Islam, melalui ajaran-ajarannya yang komprehensif, memberikan panduan tentang bagaimana seharusnya kita menyeimbangkan keduanya.
Salah satu kaidah fiqh yang dapat dipedomani, yaitu “al-amal al-mutaaddi afdalu min al-amal al-qashir”, yang berarti: Amal sosial yang berimplikasi luas lebih utama daripada amal individu.
Prinsip ini mengajarkan kita untuk selalu mendahulukan kebaikan bersama di atas kepentingan pribadi.
Kisah Nabi Ibrahim AS yang rela mengorbankan putranya, Ismail AS, atas perintah Allah, adalah salah satu contoh paling ikonik dalam sejarah Islam tentang pengorbanan dan ketaatan yang tulus.
Perintah ini adalah ujian keimanan terbesar bagi Nabi Ibrahim, yang dengan ikhlas dan tanpa ragu bersedia melaksanakannya demi ketaatan kepada Allah.

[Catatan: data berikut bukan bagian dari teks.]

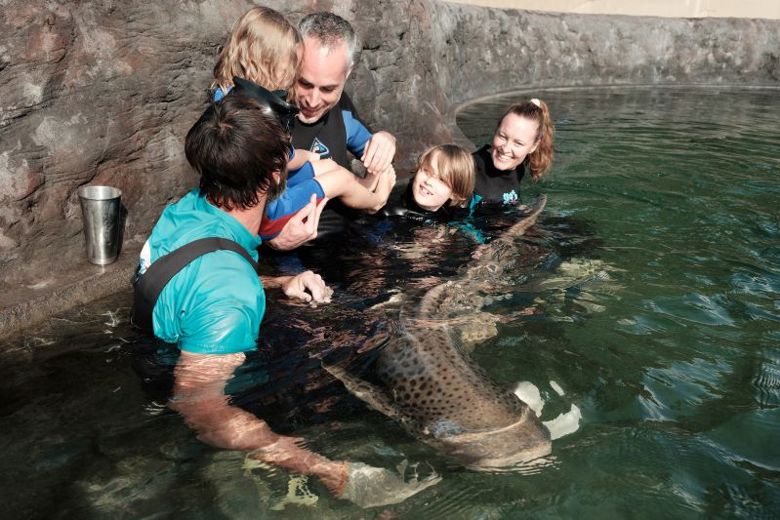 Irukandji Shark & Ray Encounters
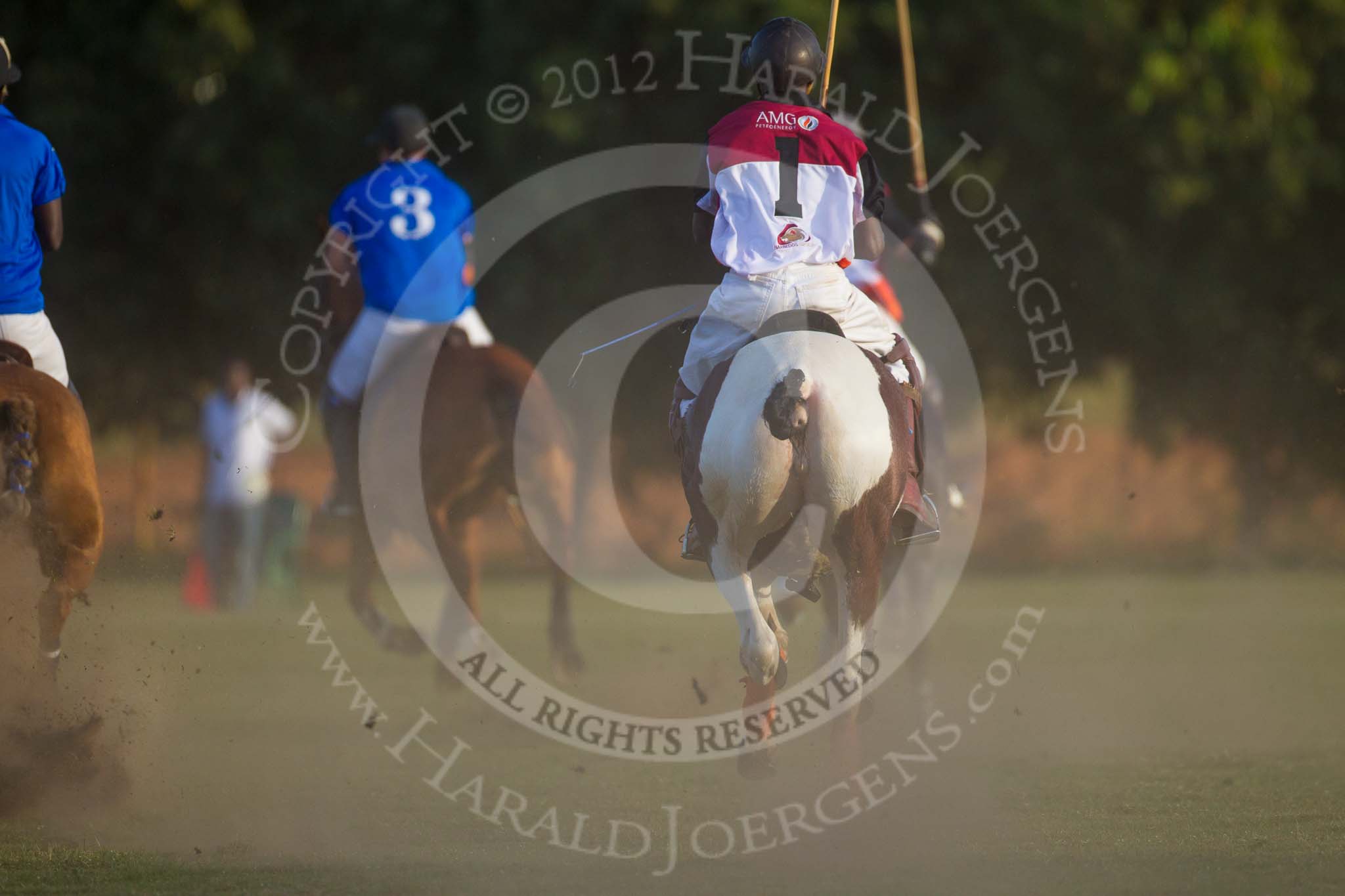 African Patrons Cup 2012 (Friday).
Fifth Chukker Polo & Country Club,
Kaduna,
Kaduna State,
Nigeria,
on 02 November 2012 at 17:11, image #92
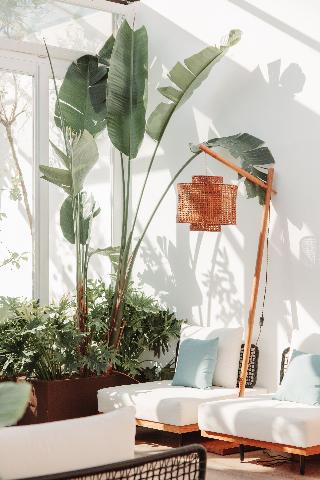 Nabi Resort Glamping & Spa fotoÄŸrafÄ±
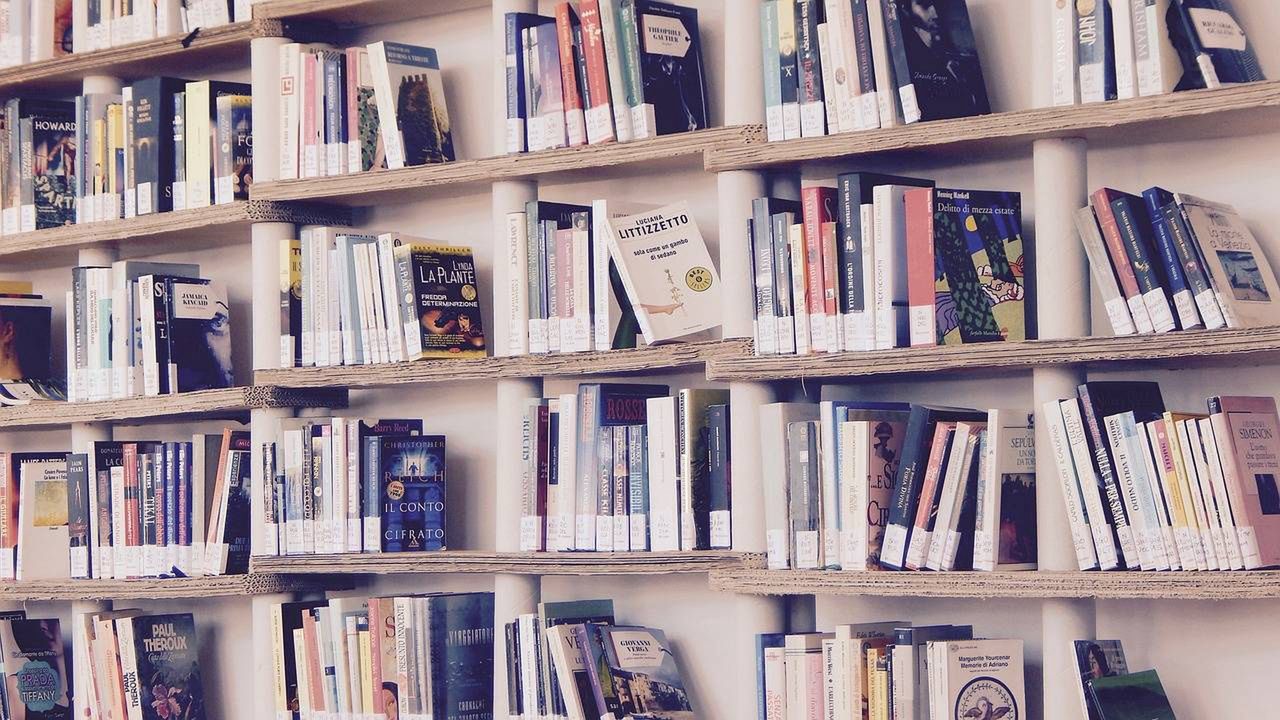 Biblioteka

Namun, pada saat terakhir, Allah menggantikan Ismail dengan seekor domba, menandakan bahwa pengorbanan terbesar Nabi Ibrahim adalah bukti keimanannya, bukan tindakan fisiknya.
Pengorbanan Nabi Ibrahim AS bukan sekadar cerita tentang ketaatan, tetapi juga tentang melepaskan ego dan nafsu duniawi demi mencapai ridha Allah.